Going Crazy! Another pagination issue

gozwald · April 27, 2018, 7:41pm

Hey Guys,

I could use some help with paginations here.

Url: http://www.companylisting.ca/CA/all/311/page1.aspx

Im trying to get the scraper to click on the company names, and then extract the details in the following page.

Afterward, it should click on the "next page button" at the end of the pagination group at the top of the page.

Back to step one....repeat

With the sitemap i created, all it does is cycle from page to page, but doesnt enter any of the listings / details.

It actually works when i dont have the pagination done recursively, however the moment i make it a parent to itself, the error persists.

Any help would be greatly appreciated!

Sitemap:
{"_id":"mancan","startUrl":["http://www.companylisting.ca/CA/all/311/page1.aspx"],"selectors":[{"id":"list","type":"SelectorLink","selector":"a.rui_title","parentSelectors":["_root","pagination"],"multiple":true,"delay":0},{"id":"details","type":"SelectorText","selector":"p.pl_company_info","parentSelectors":["list"],"multiple":true,"regex":"","delay":0},{"id":"pagination","type":"SelectorLink","selector":"a#ContentPlaceHolder1_TopNextPage.page-link","parentSelectors":["_root","pagination"],"multiple":true,"delay":0}]}

chefas · April 28, 2018, 3:23pm

Hi

test this scrapesite:

{"_id":"test","startUrl":["http://www.companylisting.ca/CA/all/313110/default.aspx?d=cat"],"selectors":[{"id":"list","type":"SelectorLink","selector":"a.rui_title","parentSelectors":["_root","pagination"],"multiple":true,"delay":0},{"id":"name","type":"SelectorText","selector":"h1.pl_company_name span","parentSelectors":["list"],"multiple":false,"regex":"","delay":0},{"id":"adress","type":"SelectorText","selector":"span#ContentPlaceHolder1_CI_Address","parentSelectors":["list"],"multiple":false,"regex":"","delay":0},{"id":"phone","type":"SelectorText","selector":"p#ContentPlaceHolder1_ShowCompanyPhone.pl_company_info span","parentSelectors":["list"],"multiple":false,"regex":"","delay":0},{"id":"pagination","type":"SelectorLink","selector":"a#ContentPlaceHolder1_TopNextPage.page-link","parentSelectors":["_root","pagination"],"multiple":true,"delay":0}]}

gozwald · April 29, 2018, 11:00pm

Thanks so much for responding!

So after tinkering a bit with your script and seeing how it worked on the test page you suggested i realized the following:

My original sitemap worked, however (and this is a big however) for some strange reason the scraper first has to cycle through all of the pagination links all the way until it can no longer go forward, and then begins pulling the page details from the very last page proceeding backward till page 1.

Is this a bug in the scraper, or am I still not understanding something here?

Looking forward to your answer!

chefas · April 30, 2018, 9:16am

Hello

no bug at all !

This is the normal way to proceed with Web screaper.

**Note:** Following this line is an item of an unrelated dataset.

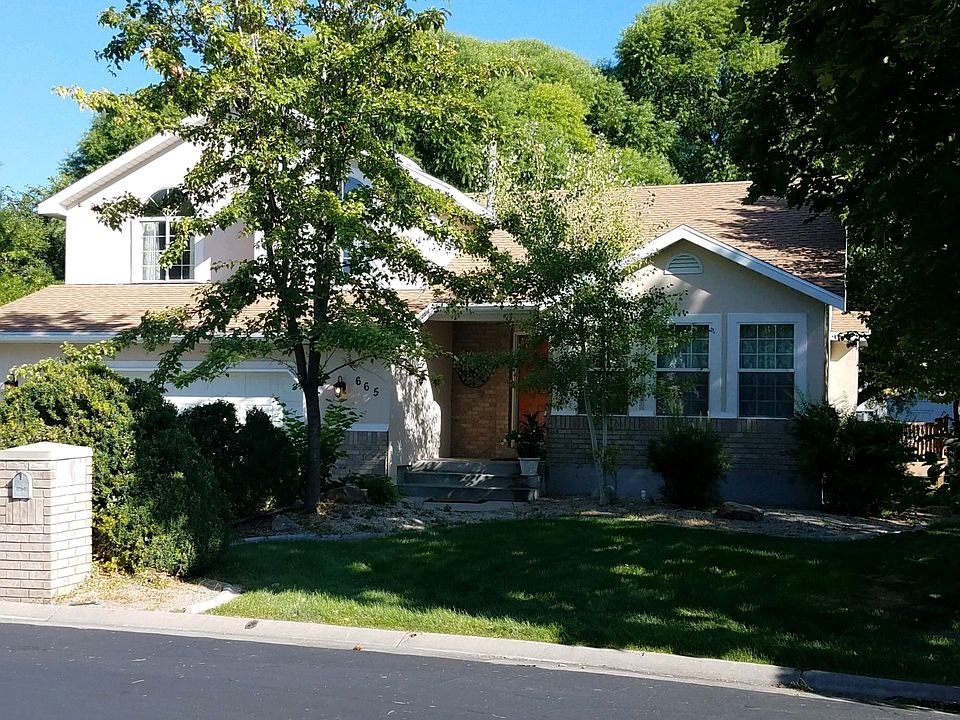 1st image of 665 Country Club Dr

First it deals with pagination, it starts with page 1, page 2 ... until the last page.
During this first step, no data is captured and if during this first step you stop the process, you will not recover any data.

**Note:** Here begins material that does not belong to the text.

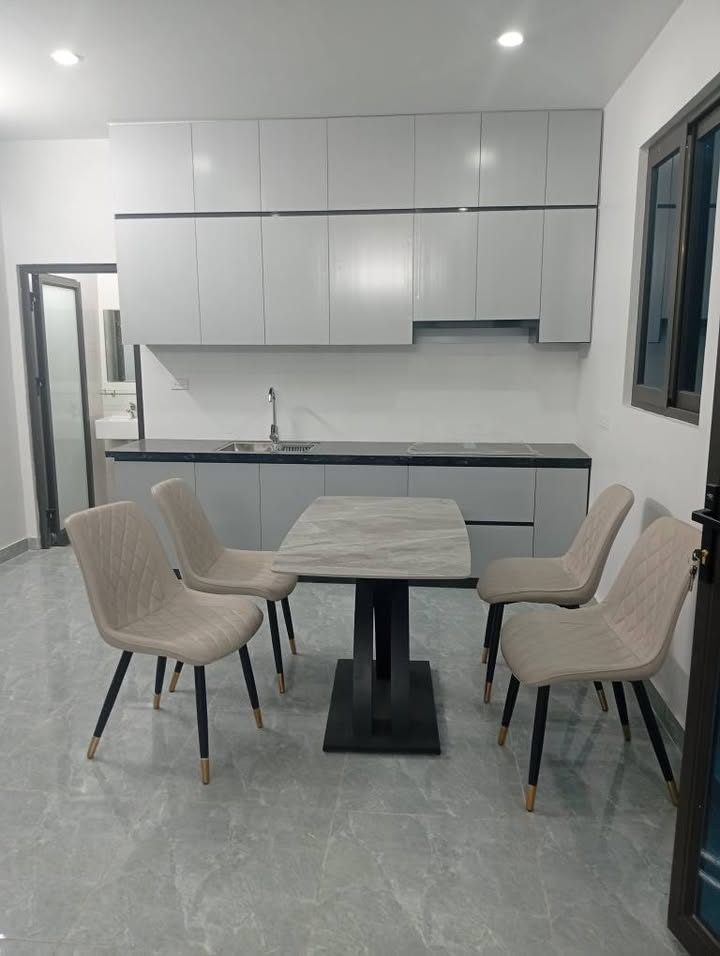 Nhà hai tầng 38m² phố Trần Hoà Hoàng Mai - Giá chỉ 2.4 tỷ, mới xây!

When all the paging is done (and it can take a long time !) and if your sitemap is properly built, Step 2 begins and this is the real time when scratching is done. This scratching is done in reverse: first the last page, then page n-1, then n-2 to page 1

You can not avoid step 1. So when tuning your work, it is advisable to test your scratching with a few pages, say less than 5 pages.

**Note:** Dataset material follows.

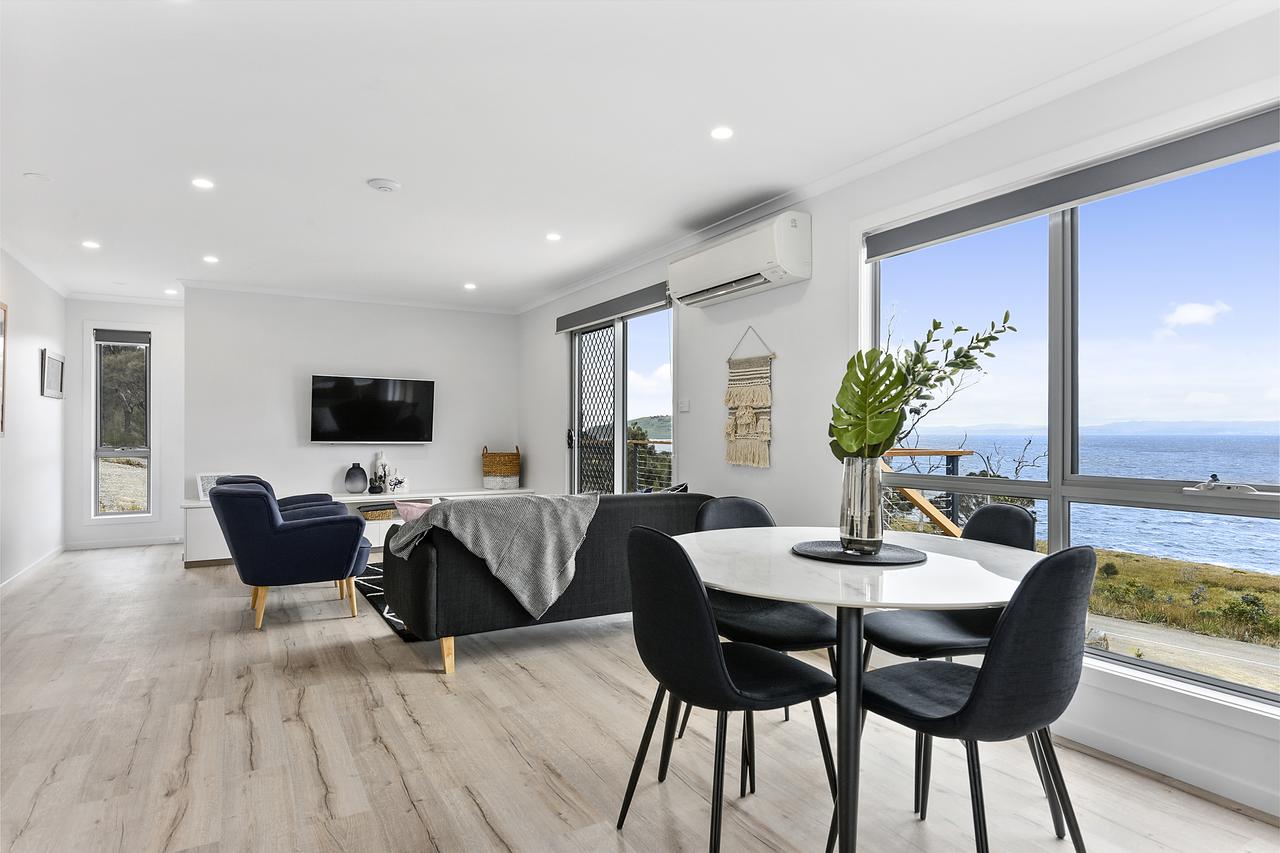 White Beach TAS Accommodation Bookings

gozwald · April 30, 2018, 9:58am

Ok that makes perfect sense.

The natural challenge with something like this is that given the scope of the number of pages involved here, if something goes wrong in the middle of the scraper determining the number of pagination links, (as you pointed out) all is lost.

Is there any other way it can be done? for example, if i could tell the scraper there are X number of pages...this way it wouldnt have to discover that information first.

Or am I getting greedy here

chefas · April 30, 2018, 10:49am

You could post a feature request on this forum

gozwald · April 30, 2018, 11:01am

will do. Thank you so much for all your help.

chefas · May 1, 2018, 5:28pm

you are welcome my friend

KristapsWS · May 2, 2018, 2:54pm

In this case you can change places with item and pagination selector in your json and re-import your sitemap. This will make web scraper to first scrape all the available items on the list before going to the next one.

However if we are talking about element click selector, you will have to wait for element click selector to click through all of the pages before starting to scrape items or return any data.